MATERIAL SHOWN

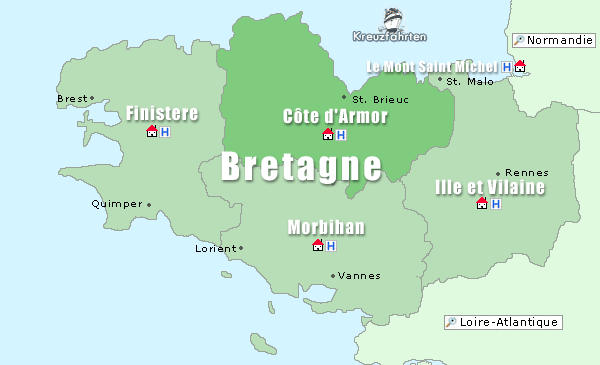 Karte Côtes d'Armor, Bretagne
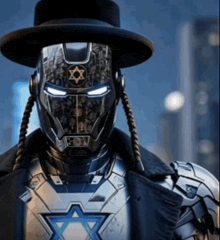 a man in a black hat is wearing a helmet with a star of david on it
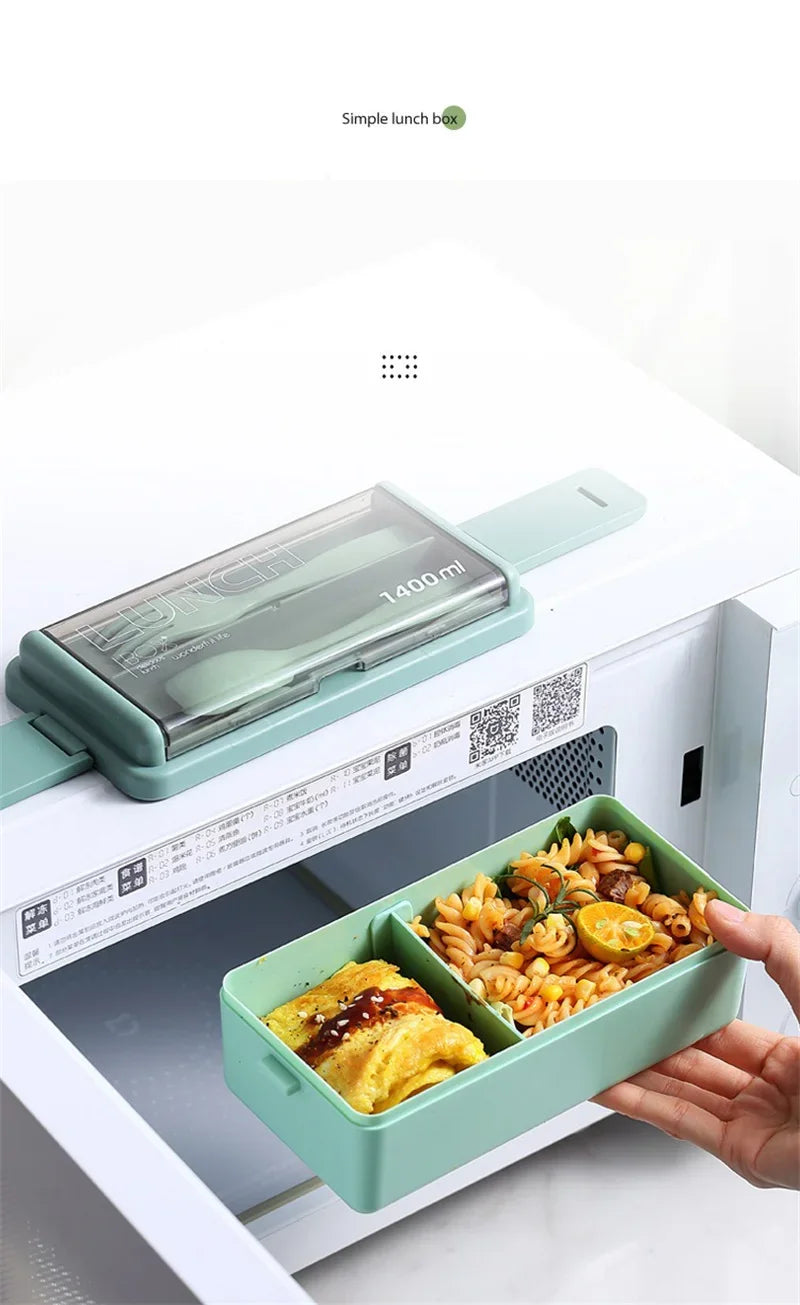 Double Layered Lunch Box With Cutlery Set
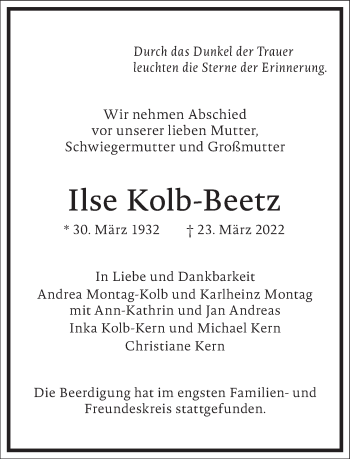 Traueranzeige von Ilse Kolb-Beetz von Frankfurter Allgemeine Zeitung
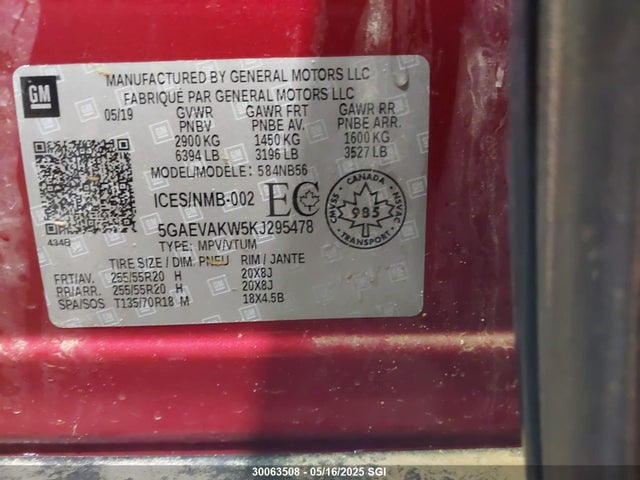 5GAEVAKW5KJ295478 Buick lfy - spark ignited direct injection, atss, gen1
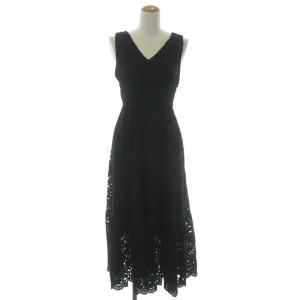MEDI BACK CROSS DRESS レースワンピース ノースリーブ ロング フレア 花柄 黒 ブラック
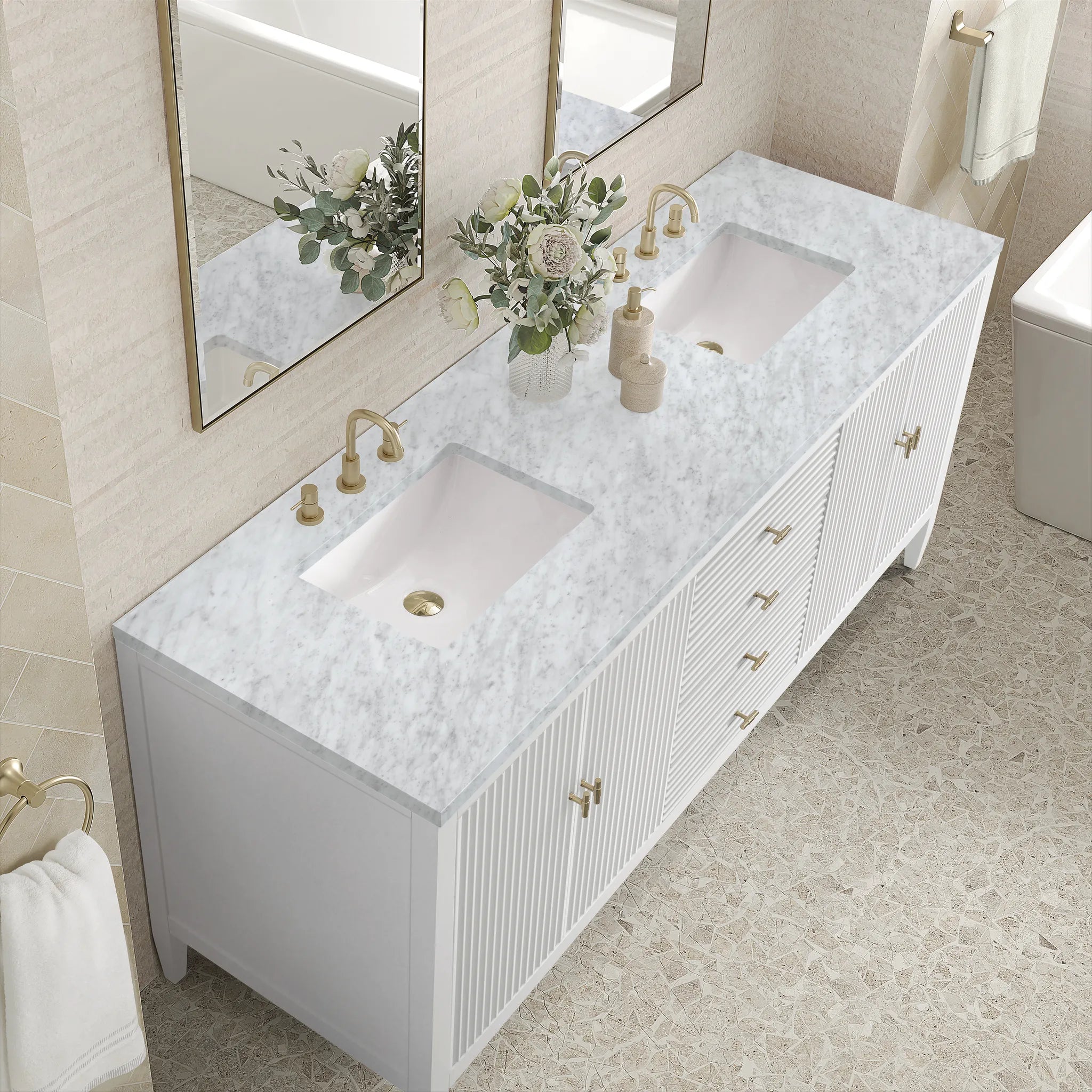 72" Myrrin Vanity in Bright White-Carrara White Marble-8" Widespread image 6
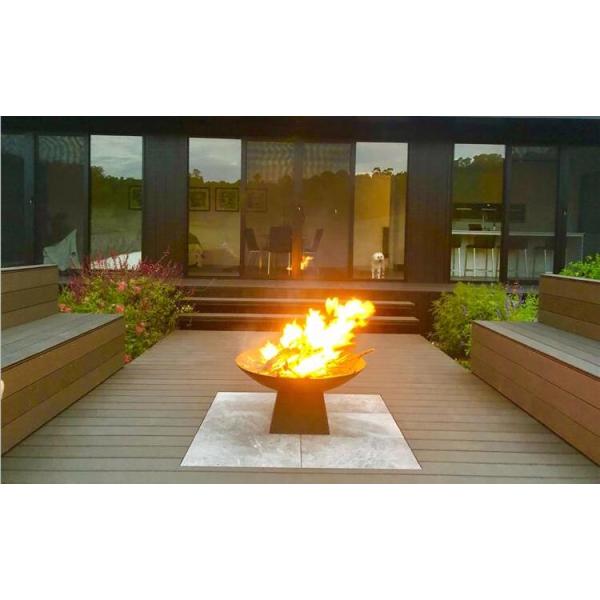 80cm Backyard Rusty Metal Fire Bowls Corten Steel Wood Burning Outdoor Fire Pit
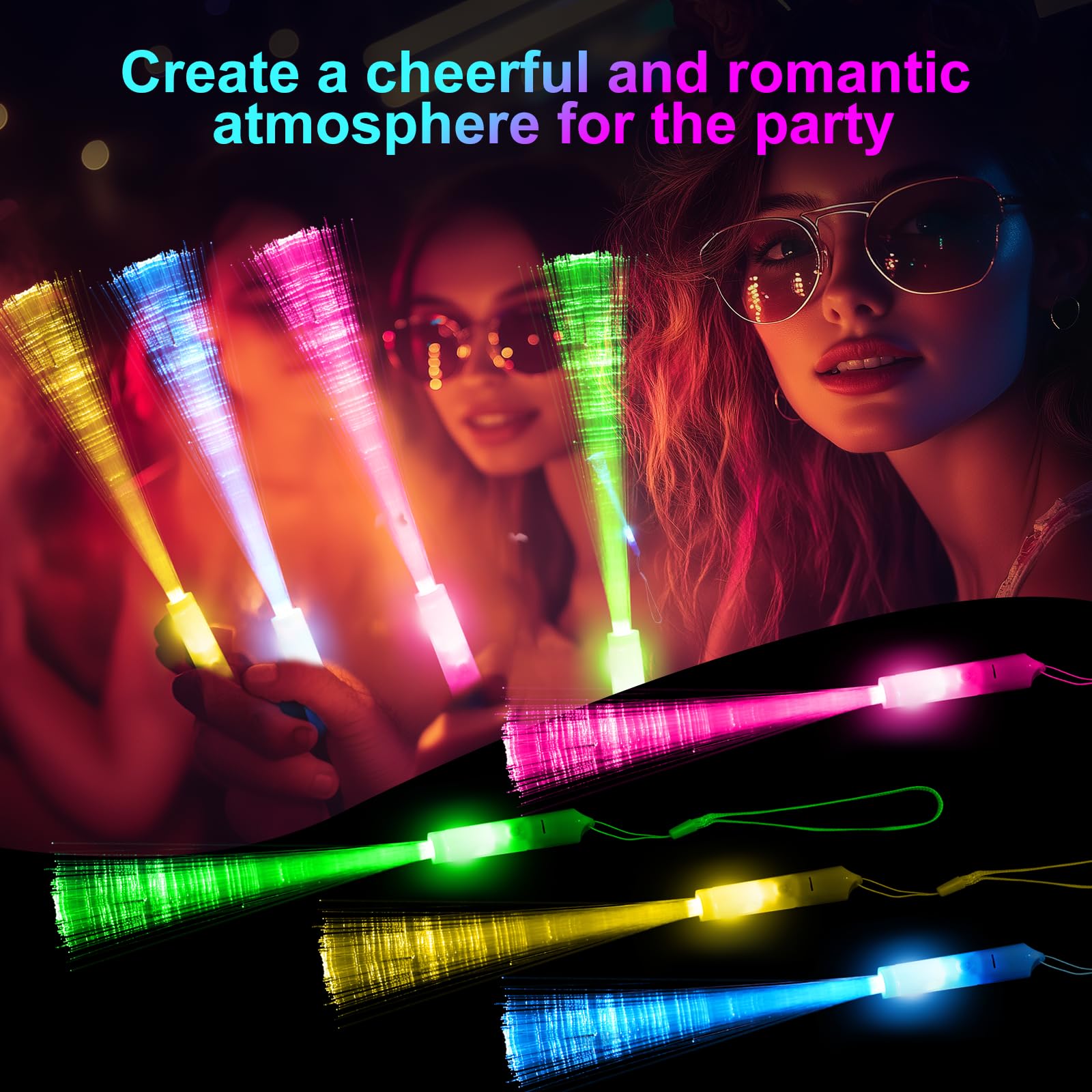 Bastoncini Luminosi in Fibra 12 Bastoncini Luminosi a LED Colorati con Batterie, Giocattoli per Feste per Bambini per Feste Notturne, Discoteche, Concerti, Club, Carnevali, Matrimoni (Bunte2)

WORK ORDER
If pictures appear among the entries above, omit them; repeat everything else verbatim.

ANSWER FOR THIS EXERCISE
 Karte Côtes d'Armor, Bretagne
 a man in a black hat is wearing a helmet with a star of david on it
 Double Layered Lunch Box With Cutlery Set
 Traueranzeige von Ilse Kolb-Beetz von Frankfurter Allgemeine Zeitung
 5GAEVAKW5KJ295478 Buick lfy - spark ignited direct injection, atss, gen1
MEDI BACK CROSS DRESS レースワンピース ノースリーブ ロング フレア 花柄 黒 ブラック
 72" Myrrin Vanity in Bright White-Carrara White Marble-8" Widespread image 6
 80cm Backyard Rusty Metal Fire Bowls Corten Steel Wood Burning Outdoor Fire Pit
 Bastoncini Luminosi in Fibra 12 Bastoncini Luminosi a LED Colorati con Batterie, Giocattoli per Feste per Bambini per Feste Notturne, Discoteche, Concerti, Club, Carnevali, Matrimoni (Bunte2)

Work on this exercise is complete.